4. The elevator counterweight assembly set forth in claim 3, wherein each joint of the plurality of joints includes at least one pin extending through adjacent members of the plurality of members and along a pivot axis.

5. The elevator counterweight assembly set forth in claim 4, wherein the at least one pin is a threaded bolt.

6. The elevator counterweight assembly set forth in claim 5, wherein each joint of the plurality of joints include a locking feature constructed and arranged to lock the frame in the deployed state.

7. The elevator counterweight assembly set forth in claim 6, wherein the locking feature is a snap fit arrangement carried between adjacent members of the plurality of members.

8. The elevator counterweight assembly set forth in claim 6, wherein the locking feature includes a detachable fastener spaced from the centerline.

9. The elevator counterweight assembly set forth in claim 8, wherein the detachable fastener is a threaded fastener constructed and arranged to extend through adjacent members of the plurality of members.
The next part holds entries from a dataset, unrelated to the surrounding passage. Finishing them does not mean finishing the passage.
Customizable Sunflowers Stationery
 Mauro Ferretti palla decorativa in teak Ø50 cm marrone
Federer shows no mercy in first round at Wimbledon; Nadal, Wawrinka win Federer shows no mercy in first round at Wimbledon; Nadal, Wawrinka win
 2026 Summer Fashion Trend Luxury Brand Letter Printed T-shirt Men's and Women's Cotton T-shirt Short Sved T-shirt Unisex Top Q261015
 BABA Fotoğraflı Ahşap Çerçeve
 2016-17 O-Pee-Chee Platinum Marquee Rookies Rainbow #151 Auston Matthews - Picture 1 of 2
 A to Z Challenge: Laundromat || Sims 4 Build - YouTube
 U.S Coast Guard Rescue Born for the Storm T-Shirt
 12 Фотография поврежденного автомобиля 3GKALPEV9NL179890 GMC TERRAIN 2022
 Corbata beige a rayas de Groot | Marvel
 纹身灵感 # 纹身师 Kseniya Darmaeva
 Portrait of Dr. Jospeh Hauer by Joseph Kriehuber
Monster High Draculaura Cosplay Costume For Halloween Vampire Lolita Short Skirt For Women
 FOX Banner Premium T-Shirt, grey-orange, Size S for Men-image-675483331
10. The elevator counterweight assembly set forth in claim 9, wherein the locking feature is disposed between the pivot axis and an end of at least one of the adjacent members.

11. The elevator counterweight assembly set forth in claim 10, further comprising:

a second weight supported by the frame when in the deployed state.

12. The elevator counterweight assembly set forth in claim 11, wherein the plurality of members include upper and lower beams disposed substantially horizontally, and left and right uprights disposed substantially vertically when in the deployed state.

13. The elevator counterweight assembly set forth in claim 12, wherein the upper beam is substantially collinear with the right upright, and the lower beam is substantially collinear with the left upright when in the collapsed state.

14. The elevator counterweight assembly set forth in claim 13, wherein the plurality of joints include an upper right joint carried between the upper beam and the right upright, a lower right joint carried between the right upright and the lower beam, a lower left joint carried between the lower beam and the left upright, and an upper left joint carried between the left upright and the upper beam.

15. The elevator counterweight assembly set forth in claim 14, wherein the lower right and lower left joints each include a pin extending through respective adjacent members and along a pivot axis.

16. The elevator counterweight assembly set forth in claim 15, wherein the lower right and lower left joints each include a locking feature carried between respective pivot axis and respective distal ends of the right and left uprights.

17. The elevator counterweight assembly set forth in claim 16, wherein the locking feature of the lower right joint is spaced below the pivot axis of the lower right joint when in the deployed state, and the locking feature of the lower left joint is spaced above the pivot axis of the lower left joint when in the deployed state.

18. A method of erecting an elevator counterweight assembly comprising:

unfolding a frame from a collapsed state to a deployed state; and

attaching at least one weight to the frame.

19. The method set forth in claim 18 further comprising:

engaging a locking feature of each one of a plurality of joints of the frame when in the deployed state.